_TASK DIRECTIONS_
Please print, exactly, only the lines in the entries below from the line that has "VINTAGE HAND STITCHED" through the line that has "Mike Tyson besides". Pictures don't go in.

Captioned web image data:
--- START ---

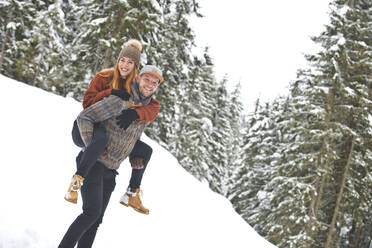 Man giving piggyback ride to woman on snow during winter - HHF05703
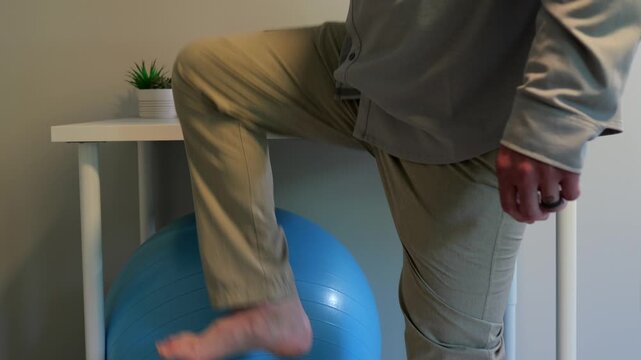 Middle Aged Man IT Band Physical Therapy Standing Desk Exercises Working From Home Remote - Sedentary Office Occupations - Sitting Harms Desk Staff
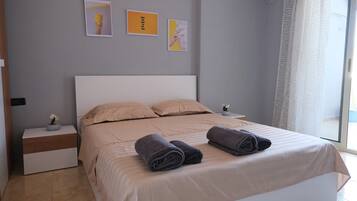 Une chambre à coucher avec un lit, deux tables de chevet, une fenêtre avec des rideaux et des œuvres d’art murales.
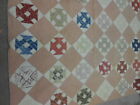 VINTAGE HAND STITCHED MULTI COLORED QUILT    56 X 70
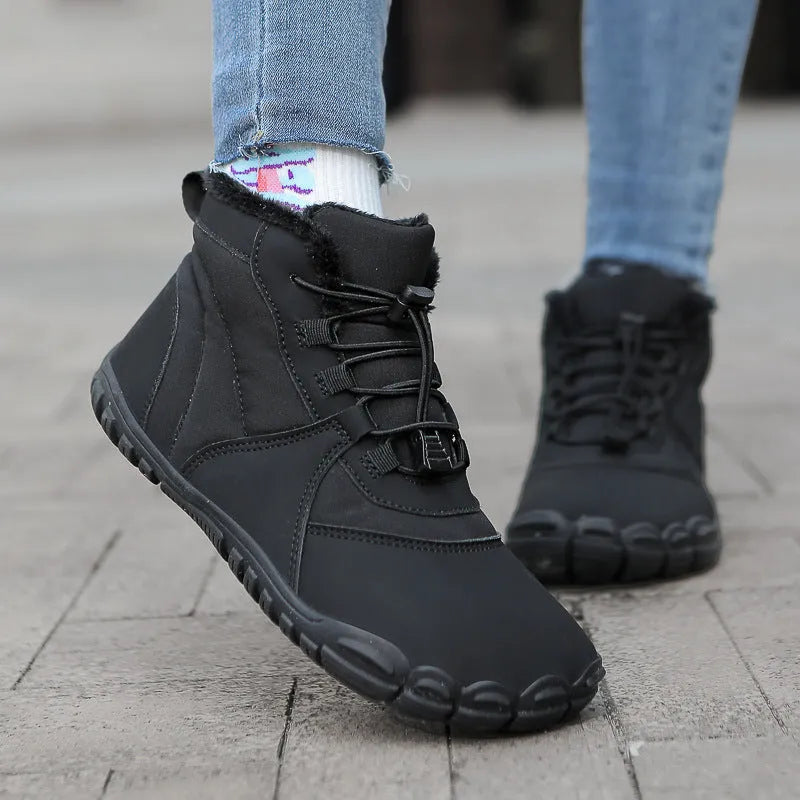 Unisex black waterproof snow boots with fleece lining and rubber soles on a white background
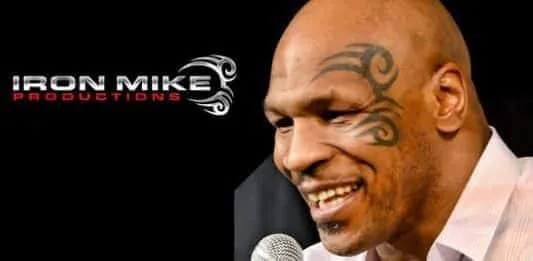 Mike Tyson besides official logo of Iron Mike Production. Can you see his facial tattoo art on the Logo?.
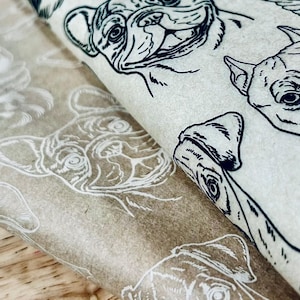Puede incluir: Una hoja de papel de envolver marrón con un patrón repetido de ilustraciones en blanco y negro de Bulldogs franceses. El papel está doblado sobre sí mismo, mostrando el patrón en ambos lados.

--- END ---

_ANSWER FOR THE TASK_
 VINTAGE HAND STITCHED MULTI COLORED QUILT    56 X 70
 Unisex black waterproof snow boots with fleece lining and rubber soles on a white background
 Mike Tyson besides official logo of Iron Mike Production. Can you see his facial tattoo art on the Logo?.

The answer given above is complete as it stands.